What is required: With the line containing "procedura de întinerire a pielii cu laser" as the starting point, write out each line exactly through the final line of the listing, both ends included.

Material for this exercise:
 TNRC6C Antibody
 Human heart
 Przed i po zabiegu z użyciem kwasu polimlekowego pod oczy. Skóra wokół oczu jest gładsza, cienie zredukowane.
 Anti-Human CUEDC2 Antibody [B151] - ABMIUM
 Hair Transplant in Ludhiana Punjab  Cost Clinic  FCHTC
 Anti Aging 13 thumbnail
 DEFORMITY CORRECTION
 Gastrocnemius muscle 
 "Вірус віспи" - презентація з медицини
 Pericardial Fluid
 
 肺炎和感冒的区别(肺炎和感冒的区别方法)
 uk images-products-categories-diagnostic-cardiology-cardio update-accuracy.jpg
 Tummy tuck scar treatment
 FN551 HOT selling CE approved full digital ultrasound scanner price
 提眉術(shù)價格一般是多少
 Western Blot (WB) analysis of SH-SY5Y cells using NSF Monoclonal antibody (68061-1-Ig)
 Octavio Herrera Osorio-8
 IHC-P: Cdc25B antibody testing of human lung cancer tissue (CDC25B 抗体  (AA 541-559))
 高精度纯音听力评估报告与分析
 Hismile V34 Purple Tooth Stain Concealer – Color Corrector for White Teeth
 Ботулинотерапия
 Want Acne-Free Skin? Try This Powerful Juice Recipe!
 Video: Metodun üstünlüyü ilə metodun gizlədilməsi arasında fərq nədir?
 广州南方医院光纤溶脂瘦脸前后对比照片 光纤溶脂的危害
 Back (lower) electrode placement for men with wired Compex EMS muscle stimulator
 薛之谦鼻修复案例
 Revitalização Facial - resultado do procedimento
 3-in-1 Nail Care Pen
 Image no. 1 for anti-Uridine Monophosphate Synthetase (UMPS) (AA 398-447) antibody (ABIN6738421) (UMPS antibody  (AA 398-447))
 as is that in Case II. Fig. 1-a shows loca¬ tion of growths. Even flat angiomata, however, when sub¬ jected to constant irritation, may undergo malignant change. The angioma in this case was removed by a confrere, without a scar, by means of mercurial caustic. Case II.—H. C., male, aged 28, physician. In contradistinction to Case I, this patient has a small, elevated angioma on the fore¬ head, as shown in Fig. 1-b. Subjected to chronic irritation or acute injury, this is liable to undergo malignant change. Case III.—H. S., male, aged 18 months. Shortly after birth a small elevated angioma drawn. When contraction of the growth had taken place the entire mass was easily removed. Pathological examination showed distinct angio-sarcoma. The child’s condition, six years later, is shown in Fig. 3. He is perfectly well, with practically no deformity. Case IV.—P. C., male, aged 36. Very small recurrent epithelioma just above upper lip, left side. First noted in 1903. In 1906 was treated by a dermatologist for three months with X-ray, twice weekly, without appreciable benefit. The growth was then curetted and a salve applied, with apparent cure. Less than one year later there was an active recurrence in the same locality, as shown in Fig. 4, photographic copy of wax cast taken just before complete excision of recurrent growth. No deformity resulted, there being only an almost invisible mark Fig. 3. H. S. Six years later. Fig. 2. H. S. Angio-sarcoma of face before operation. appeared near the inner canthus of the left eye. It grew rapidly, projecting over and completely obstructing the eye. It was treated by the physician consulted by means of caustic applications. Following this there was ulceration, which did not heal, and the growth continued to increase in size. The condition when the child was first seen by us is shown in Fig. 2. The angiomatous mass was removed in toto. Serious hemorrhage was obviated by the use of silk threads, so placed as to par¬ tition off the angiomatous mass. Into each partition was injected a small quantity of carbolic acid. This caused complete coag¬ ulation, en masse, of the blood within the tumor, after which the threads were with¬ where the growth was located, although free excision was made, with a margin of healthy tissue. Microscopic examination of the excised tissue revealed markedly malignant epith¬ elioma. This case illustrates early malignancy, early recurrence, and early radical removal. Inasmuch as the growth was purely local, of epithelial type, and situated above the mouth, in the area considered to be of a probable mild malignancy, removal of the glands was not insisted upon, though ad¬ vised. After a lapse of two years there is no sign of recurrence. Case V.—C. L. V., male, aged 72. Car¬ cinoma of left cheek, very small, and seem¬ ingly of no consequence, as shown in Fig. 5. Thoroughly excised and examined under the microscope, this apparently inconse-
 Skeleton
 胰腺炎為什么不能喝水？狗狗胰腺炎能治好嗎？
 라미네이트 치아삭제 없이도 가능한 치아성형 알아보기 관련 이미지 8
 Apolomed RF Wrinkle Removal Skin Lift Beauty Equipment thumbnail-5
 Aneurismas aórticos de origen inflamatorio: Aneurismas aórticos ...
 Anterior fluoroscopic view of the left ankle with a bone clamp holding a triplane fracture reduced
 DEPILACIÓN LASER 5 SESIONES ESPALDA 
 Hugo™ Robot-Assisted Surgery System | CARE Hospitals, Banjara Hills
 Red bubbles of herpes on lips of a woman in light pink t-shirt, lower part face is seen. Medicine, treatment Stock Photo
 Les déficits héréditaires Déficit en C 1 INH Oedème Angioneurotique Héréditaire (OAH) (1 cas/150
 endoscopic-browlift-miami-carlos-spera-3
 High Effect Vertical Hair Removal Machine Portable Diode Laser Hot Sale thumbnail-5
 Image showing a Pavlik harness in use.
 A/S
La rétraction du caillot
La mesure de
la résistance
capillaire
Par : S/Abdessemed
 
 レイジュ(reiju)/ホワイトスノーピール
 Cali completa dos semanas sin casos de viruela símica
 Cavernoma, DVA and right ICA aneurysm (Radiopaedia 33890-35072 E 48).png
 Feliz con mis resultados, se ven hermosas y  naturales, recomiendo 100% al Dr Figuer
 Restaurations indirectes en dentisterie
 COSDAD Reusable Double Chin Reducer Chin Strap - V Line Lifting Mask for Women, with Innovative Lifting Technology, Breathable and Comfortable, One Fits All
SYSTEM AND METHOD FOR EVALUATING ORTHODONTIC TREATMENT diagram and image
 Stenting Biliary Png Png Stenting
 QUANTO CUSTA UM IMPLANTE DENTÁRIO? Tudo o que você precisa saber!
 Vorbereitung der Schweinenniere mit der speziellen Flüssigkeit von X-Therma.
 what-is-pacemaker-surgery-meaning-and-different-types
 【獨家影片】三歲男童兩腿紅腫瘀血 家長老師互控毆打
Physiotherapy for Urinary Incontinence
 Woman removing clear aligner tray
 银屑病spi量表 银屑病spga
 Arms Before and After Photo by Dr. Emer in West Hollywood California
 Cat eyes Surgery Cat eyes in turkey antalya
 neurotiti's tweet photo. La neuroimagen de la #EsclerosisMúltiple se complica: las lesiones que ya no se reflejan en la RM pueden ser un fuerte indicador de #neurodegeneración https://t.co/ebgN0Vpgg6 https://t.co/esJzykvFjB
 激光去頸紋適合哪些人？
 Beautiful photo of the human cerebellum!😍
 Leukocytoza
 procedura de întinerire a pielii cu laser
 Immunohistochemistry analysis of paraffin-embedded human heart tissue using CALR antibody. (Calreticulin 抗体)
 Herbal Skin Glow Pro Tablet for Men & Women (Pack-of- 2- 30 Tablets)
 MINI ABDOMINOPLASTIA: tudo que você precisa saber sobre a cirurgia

Response:
 procedura de întinerire a pielii cu laser
 Immunohistochemistry analysis of paraffin-embedded human heart tissue using CALR antibody. (Calreticulin 抗体)
 Herbal Skin Glow Pro Tablet for Men & Women (Pack-of- 2- 30 Tablets)
 MINI ABDOMINOPLASTIA: tudo que você precisa saber sobre a cirurgia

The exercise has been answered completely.